Pope John Paul II's latest hospitalization has pushed his papacy into a new phase, with aides and top Vatican officials speaking in his name, celebrating Masses for him and representing the frail pontiff at church functions.
While officials take pains to say the 84-year-old pope remains engaged in key church affairs, they also acknowledge the uncertainties that lie ahead — ranging from his ability to participate in Easter events at the end of the month to longer-term questions about whether he can speak.
"This is what we don't know: how he will be in the future, whether he will be able to speak or not," said British Cardinal Cormac Murphy-O'Connor.
Vatican officials stress the church machinery rolls on. Just this week, John Paul appointed a bishop in Brazil, a top Vatican cardinal attended a conference on Catholic-Jewish relations in New York and a papal diplomat addressed a European conference in Hungary on regional autonomy.
Belgian Cardinal Godfried Danneels, speaking in New York, said John Paul "has very clear lucid judgment for the moment. I spoke with him a few weeks ago. He had difficulties in answering but he had a clear mind."
Another cardinal, Joseph Ratzinger, visited John Paul at the hospital Tuesday to discuss Vatican business.
"The pope spoke with me in German and in Italian," said Ratzinger, a German who runs a powerful Vatican office that deals with issues of Roman Catholic doctrine. "I am happy to say that the Holy Father is fully alert mentally and also able to say the essential things with his voice."
But John Paul now uses an Argentine archbishop from the secretary of state's office, Leonardo Sandri, as his official voice for the public.
Since celebrations at the Vatican marking John Paul's 25th anniversary as pope in 2003, the pontiff has been handing over many of his speeches to aides, after reading brief selected parts, because of speaking troubles related to Parkinson's disease. Last Sunday, Sandri read the entire text from the steps of St. Peter's Basilica just before John Paul made a one-minute silent appearance at the 10th floor window of his hospital suite.
John Paul "spoke with his eyes," the Vatican newspaper L'Osservatore Romano said.
The twilight years of several recent papacies — a post without term limits and from which resignation is rare — have been marked by illness.
Except for the funeral of slain Italian politician Aldo Moro, when Pope Paul VI was carried in by aides, that pontiff was rarely seen in public in the months before his death in 1978.
John-Peter Pham, a church expert who worked at the Vatican in the 1990s, drew parallels between John Paul's decline and the last years of World War II-era Pope Pius XII, who was frequently seriously ill, including suffering intractable hiccups, before his death in 1958.
Pius started suffering major health problems in 1952, "but the physicians were able to keep him alive for six more years," Pham said.
Lying ahead for John Paul is the Easter holiday, the most solemn on the Christian calendar. He has been steadily reducing his participation in a Way of the Cross Procession at the Colosseum on Good Friday, but has continued to preside at a three-hour Easter vigil and a Mass on Easter Sunday, which falls this year on March 27.

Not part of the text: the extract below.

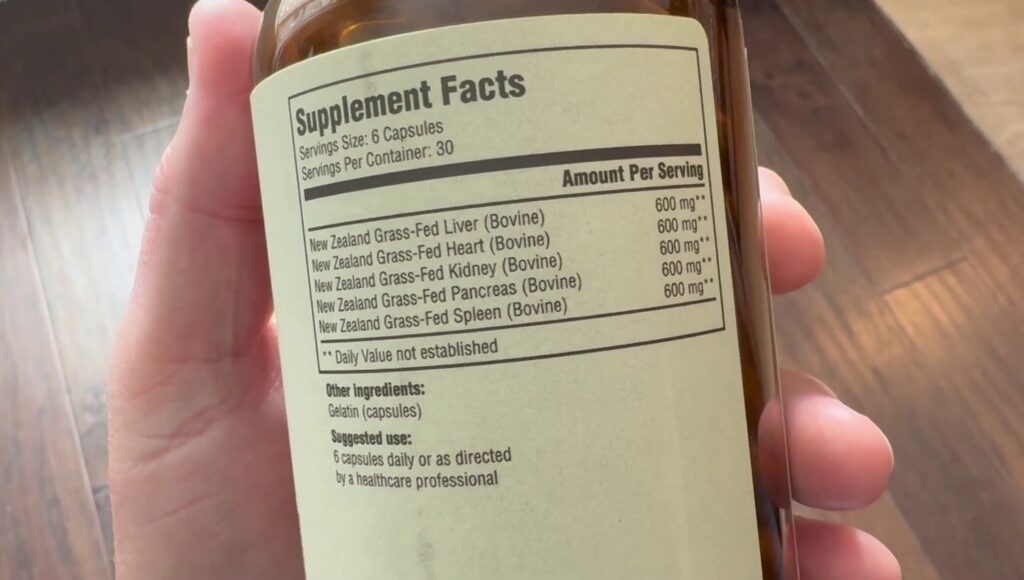 Heart and Soil Beef Organ Supplements Review Supplement Facts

There is also the question of audiences with world leaders, important for the head of a church with 1 billion members and considerable political clout in Catholic countries.

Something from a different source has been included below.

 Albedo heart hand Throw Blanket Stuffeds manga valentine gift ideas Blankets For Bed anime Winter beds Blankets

Since he was rushed to the hospital with breathing difficulties Feb. 1, John Paul has missed meetings with Secretary of State Condoleezza Rice, the president of the European Parliament and the president of Azerbaijan.

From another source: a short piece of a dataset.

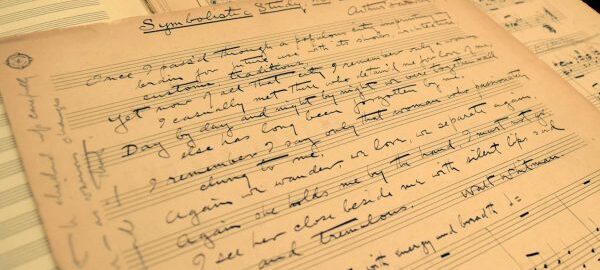 Arthur Farwell’s Symbolistic Study No. 3 for orchestra (1905, rev. 1922) was inspired by the poem “Once I pass’d through a populous city” by Walt Whitman. This reduced piano score is in the hand of Arthur Farwell. [Arthur Farwell Collection, Box 11, Folder 7]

While no meetings have been announced, Vatican officials expect that the new Ukrainian president will visit the Vatican in the spring. It would be an opportunity for the pope to reach out further to Orthodox Christians and underline how the Catholic Church in Ukraine supported democratic elections.
Further down the road is the church's World Youth Day in mid-August in Germany, a favorite papal appointment and the only foreign trip on his schedule this year.
The trip is still officially on, and a German cardinal said Wednesday the pope would bring a powerful spiritual presence even if he couldn't speak.
Cardinal Joachim Meisner of Cologne told reporters after meeting with John Paul in his room at Rome's Gemelli Polyclinic hospital that the pontiff greeted him, saying: "I'm happy to see you here."
"It's not important that the pope speak with the many, many young people, but it's his presence that's important," the cardinal said. "The person of the Holy Father speaks a lot."